═══ Data to examine ═══

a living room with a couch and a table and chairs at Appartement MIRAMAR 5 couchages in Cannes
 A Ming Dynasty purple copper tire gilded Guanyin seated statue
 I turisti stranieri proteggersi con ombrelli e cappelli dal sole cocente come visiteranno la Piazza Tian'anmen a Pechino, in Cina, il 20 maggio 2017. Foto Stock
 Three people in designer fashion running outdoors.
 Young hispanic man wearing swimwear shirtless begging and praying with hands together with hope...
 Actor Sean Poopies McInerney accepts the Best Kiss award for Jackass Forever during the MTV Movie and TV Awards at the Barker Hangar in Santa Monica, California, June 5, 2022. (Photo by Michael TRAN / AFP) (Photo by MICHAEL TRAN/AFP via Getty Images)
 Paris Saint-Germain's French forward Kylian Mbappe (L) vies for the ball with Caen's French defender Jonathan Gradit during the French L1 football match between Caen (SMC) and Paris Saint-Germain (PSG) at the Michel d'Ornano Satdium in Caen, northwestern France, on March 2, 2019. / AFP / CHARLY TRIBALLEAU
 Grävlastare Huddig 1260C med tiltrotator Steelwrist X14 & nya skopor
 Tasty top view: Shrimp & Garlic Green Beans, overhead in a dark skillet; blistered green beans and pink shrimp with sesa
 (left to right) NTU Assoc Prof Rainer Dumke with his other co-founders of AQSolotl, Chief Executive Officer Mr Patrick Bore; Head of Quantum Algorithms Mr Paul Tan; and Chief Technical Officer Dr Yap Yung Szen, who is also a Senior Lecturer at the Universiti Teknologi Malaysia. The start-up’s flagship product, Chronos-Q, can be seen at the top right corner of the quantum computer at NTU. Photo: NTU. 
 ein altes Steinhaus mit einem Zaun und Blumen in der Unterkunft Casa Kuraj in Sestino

═══

_Exercise description:_
Go through the material and copy out every line with "Photo" in it.

_Expected output:_
 Actor Sean Poopies McInerney accepts the Best Kiss award for Jackass Forever during the MTV Movie and TV Awards at the Barker Hangar in Santa Monica, California, June 5, 2022. (Photo by Michael TRAN / AFP) (Photo by MICHAEL TRAN/AFP via Getty Images)
 (left to right) NTU Assoc Prof Rainer Dumke with his other co-founders of AQSolotl, Chief Executive Officer Mr Patrick Bore; Head of Quantum Algorithms Mr Paul Tan; and Chief Technical Officer Dr Yap Yung Szen, who is also a Senior Lecturer at the Universiti Teknologi Malaysia. The start-up’s flagship product, Chronos-Q, can be seen at the top right corner of the quantum computer at NTU. Photo: NTU. 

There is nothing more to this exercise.